* _PROBLEM DESCRIPTION_
Rewrite the full material exactly; no line may be skipped.

* _GIVEN INFORMATION_
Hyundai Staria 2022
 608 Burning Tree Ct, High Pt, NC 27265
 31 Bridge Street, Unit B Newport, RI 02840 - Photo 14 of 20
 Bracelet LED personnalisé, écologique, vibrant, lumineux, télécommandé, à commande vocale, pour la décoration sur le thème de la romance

* _EXPECTED ANSWER_
Hyundai Staria 2022
 608 Burning Tree Ct, High Pt, NC 27265
 31 Bridge Street, Unit B Newport, RI 02840 - Photo 14 of 20
 Bracelet LED personnalisé, écologique, vibrant, lumineux, télécommandé, à commande vocale, pour la décoration sur le thème de la romance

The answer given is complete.